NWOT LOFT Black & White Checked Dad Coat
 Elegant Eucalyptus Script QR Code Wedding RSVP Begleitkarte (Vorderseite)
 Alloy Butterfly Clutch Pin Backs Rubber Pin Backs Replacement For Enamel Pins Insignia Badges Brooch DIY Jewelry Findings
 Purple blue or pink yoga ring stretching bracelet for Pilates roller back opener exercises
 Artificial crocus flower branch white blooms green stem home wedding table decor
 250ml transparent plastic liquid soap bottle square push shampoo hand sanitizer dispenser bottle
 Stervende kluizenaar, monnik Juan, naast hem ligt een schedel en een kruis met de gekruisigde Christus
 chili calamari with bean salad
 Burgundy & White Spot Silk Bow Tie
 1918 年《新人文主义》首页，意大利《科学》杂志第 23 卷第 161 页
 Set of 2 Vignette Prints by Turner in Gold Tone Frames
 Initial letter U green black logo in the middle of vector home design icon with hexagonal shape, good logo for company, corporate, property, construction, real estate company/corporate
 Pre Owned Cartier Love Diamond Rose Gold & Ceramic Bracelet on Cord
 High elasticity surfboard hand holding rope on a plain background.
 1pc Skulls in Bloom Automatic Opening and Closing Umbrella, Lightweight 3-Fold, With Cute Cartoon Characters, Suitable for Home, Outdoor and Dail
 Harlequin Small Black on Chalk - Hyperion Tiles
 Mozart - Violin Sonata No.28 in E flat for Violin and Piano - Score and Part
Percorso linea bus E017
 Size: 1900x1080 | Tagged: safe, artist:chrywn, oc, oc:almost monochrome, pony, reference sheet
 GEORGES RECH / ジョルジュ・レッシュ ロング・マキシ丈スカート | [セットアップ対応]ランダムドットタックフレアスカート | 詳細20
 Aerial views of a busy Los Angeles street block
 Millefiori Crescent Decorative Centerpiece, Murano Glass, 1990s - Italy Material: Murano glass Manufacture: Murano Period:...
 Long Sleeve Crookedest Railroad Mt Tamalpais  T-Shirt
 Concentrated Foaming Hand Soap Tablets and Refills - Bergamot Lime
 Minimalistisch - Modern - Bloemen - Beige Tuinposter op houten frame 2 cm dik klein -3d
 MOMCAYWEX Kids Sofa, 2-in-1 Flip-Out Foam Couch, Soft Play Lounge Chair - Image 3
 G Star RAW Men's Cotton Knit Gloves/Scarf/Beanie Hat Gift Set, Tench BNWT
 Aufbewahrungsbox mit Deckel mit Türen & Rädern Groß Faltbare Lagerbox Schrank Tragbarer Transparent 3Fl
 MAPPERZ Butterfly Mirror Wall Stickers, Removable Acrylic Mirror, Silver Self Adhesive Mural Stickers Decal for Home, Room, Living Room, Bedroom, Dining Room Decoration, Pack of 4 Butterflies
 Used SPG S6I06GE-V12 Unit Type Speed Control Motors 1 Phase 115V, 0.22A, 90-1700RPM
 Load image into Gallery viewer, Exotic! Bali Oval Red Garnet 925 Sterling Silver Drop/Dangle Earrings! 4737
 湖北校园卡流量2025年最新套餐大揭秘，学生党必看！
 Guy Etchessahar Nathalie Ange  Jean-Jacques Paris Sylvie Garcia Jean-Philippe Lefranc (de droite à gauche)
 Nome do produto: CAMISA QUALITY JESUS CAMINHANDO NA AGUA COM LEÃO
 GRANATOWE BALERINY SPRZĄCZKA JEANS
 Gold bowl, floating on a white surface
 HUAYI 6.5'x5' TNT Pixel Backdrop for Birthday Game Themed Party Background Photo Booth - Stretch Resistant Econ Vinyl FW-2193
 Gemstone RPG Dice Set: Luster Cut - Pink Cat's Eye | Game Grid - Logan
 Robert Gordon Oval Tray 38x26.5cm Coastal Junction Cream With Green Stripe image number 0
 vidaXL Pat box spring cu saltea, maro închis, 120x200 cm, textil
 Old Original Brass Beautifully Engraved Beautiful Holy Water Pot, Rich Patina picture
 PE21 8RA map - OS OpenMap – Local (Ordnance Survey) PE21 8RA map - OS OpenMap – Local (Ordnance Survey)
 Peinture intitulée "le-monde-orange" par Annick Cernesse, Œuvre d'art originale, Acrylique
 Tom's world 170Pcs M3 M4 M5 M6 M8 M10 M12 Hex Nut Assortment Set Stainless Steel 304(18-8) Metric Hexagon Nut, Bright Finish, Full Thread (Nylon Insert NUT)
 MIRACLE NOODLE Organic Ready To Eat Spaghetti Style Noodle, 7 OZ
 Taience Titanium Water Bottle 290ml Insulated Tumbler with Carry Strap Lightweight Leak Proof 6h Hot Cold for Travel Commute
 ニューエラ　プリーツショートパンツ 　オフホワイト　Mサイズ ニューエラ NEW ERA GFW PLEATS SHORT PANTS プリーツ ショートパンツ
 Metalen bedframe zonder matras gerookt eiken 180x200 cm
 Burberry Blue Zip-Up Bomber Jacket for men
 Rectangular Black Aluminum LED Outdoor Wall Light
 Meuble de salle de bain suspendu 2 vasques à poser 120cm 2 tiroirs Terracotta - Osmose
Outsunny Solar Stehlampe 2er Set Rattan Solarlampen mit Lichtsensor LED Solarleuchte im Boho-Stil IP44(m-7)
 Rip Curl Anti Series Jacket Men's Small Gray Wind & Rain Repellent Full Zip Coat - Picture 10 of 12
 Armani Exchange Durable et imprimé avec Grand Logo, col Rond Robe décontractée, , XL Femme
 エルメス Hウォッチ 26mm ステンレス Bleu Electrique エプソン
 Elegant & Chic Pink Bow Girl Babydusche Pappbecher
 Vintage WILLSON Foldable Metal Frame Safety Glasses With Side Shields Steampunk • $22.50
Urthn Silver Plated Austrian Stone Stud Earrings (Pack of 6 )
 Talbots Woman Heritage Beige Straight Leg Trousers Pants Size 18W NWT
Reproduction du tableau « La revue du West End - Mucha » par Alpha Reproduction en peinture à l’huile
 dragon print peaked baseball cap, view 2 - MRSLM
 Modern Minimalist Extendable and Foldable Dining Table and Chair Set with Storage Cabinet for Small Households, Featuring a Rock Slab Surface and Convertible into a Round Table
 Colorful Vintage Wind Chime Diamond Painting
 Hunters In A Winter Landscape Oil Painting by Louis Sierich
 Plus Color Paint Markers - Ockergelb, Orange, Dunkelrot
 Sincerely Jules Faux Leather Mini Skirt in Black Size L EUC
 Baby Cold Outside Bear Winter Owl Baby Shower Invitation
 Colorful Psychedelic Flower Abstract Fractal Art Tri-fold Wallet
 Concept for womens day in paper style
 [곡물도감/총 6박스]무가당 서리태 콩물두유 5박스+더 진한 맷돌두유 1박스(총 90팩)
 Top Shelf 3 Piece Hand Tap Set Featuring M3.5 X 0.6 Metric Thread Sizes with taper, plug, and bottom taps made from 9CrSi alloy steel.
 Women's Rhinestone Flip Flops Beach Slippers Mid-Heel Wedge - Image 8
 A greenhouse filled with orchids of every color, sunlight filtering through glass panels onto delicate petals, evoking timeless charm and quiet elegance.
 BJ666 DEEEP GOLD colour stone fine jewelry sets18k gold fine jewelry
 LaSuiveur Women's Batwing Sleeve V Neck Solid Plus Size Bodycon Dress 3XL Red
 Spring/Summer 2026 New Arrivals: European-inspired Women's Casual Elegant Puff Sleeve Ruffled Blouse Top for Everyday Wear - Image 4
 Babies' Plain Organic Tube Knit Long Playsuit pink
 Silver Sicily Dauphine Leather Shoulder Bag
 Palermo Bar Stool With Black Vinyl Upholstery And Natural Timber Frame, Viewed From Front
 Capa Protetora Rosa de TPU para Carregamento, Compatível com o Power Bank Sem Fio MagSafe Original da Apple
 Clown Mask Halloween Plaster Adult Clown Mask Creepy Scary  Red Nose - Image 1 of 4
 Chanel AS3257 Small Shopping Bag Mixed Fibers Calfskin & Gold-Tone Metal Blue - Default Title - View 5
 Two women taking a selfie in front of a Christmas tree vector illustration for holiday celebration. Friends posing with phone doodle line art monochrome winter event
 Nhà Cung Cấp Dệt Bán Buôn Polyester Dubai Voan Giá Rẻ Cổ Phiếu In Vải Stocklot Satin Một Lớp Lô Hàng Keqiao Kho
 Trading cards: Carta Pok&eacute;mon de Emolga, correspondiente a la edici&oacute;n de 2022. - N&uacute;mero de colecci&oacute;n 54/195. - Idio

+-------+

• Try it
Lines wanted from the listing above: the line with "Guy Etchessahar Nathalie" up to and including the line with "Metalen bedframe zonder". Please write them out exactly, adding nothing else.

• Output of the exercise
 Guy Etchessahar Nathalie Ange  Jean-Jacques Paris Sylvie Garcia Jean-Philippe Lefranc (de droite à gauche)
 Nome do produto: CAMISA QUALITY JESUS CAMINHANDO NA AGUA COM LEÃO
 GRANATOWE BALERINY SPRZĄCZKA JEANS
 Gold bowl, floating on a white surface
 HUAYI 6.5'x5' TNT Pixel Backdrop for Birthday Game Themed Party Background Photo Booth - Stretch Resistant Econ Vinyl FW-2193
 Gemstone RPG Dice Set: Luster Cut - Pink Cat's Eye | Game Grid - Logan
 Robert Gordon Oval Tray 38x26.5cm Coastal Junction Cream With Green Stripe image number 0
 vidaXL Pat box spring cu saltea, maro închis, 120x200 cm, textil
 Old Original Brass Beautifully Engraved Beautiful Holy Water Pot, Rich Patina picture
 PE21 8RA map - OS OpenMap – Local (Ordnance Survey) PE21 8RA map - OS OpenMap – Local (Ordnance Survey)
 Peinture intitulée "le-monde-orange" par Annick Cernesse, Œuvre d'art originale, Acrylique
 Tom's world 170Pcs M3 M4 M5 M6 M8 M10 M12 Hex Nut Assortment Set Stainless Steel 304(18-8) Metric Hexagon Nut, Bright Finish, Full Thread (Nylon Insert NUT)
 MIRACLE NOODLE Organic Ready To Eat Spaghetti Style Noodle, 7 OZ
 Taience Titanium Water Bottle 290ml Insulated Tumbler with Carry Strap Lightweight Leak Proof 6h Hot Cold for Travel Commute
 ニューエラ　プリーツショートパンツ 　オフホワイト　Mサイズ ニューエラ NEW ERA GFW PLEATS SHORT PANTS プリーツ ショートパンツ
 Metalen bedframe zonder matras gerookt eiken 180x200 cm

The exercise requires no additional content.